You all tell me that there are many different ‘flavors’ of democracy: direct, constitutional, representative, parlementary, etc.
I now pose the question, what is it about all of these that make each of them a ‘democracy’? What is the common thing that ties these diverse forms together and that places them ALL under the term democracy?

Take you time, I will be gone for about 5 - 7 days so you can work on this.

Jeesh! What in the world have we all been SAYING in this thread! Chatchy, there isn’t any serious disagreement here that a ‘democracy’ is a form of government where the citizens (some or all of them) vote in some way relevant to the governance of the country. The different ‘flavors’ indicate the type of issue on which the people are allowed to vote.

On a side note, I wonder how many people realize that many if not most ‘communist’ nations are as much a ‘republic’ as is the US?

Interesting DSY, I get to that later. Looking over the thread, I see some interesting things.

First an aside to cuzco’s comments on 12-1. Sorry the states do not have any votes in the U.S. Senate. U.S. Constitution Article 1 Section 3 was changed by the 17th Amendment and took the vote away from the states. The states have no vote at the federal level.

The subject is USA Democracy or Republic. It is not questioning whether the USA is a democratic country or not. Also on 12-1, cuzco states that democracy and republic are not the same thing, and then goes on to define DEMOCRATIC. Then cuzco defines a democracy as what this group would probably call ‘direct democracy’ and I refer to cuzco’s 11-30 note stating that there is no direct democracy.

Ian is accommodating; He accepts both, democracy and republic and states that the writers of #10 were “inaccurate”. Ian, sadly, does not address the US Constitution problem.

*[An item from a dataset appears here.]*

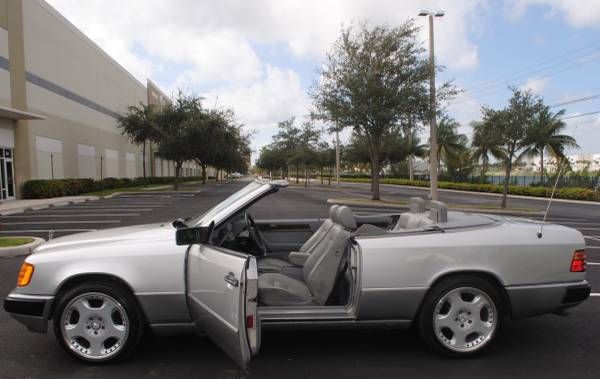 1993 MERCEDES 300CE CONVERTIBLE, 3.2L 6Cyl, AUT TRANS, CLEAN TITLE for sale in Hollywood, FL – photo 10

It says that the all states will have a ‘republican form of government’. Why not also state a democratic form of government. The word ‘democratic’ is not mentioned at all in the Constitution. Also, the Pledge of Allegiance specifically mentions the ‘republic’, why not also mention democracy? Careless omissions? I think not.

On 1-5 Kennedy says even a dictatorship can be a republic as long as the dictator represents the voice and hand of the citizens. Curious. This begs the question, how would one tell? Presumably one would ask the dictator since the others would have no voice.
Now: It seems most agree that the original definition of democracy or ‘direct democracy’ has changed with experience and time, as DSY states. The original definition of democracy has mutated into a more practical form. I’ll address this point in my last paragraph.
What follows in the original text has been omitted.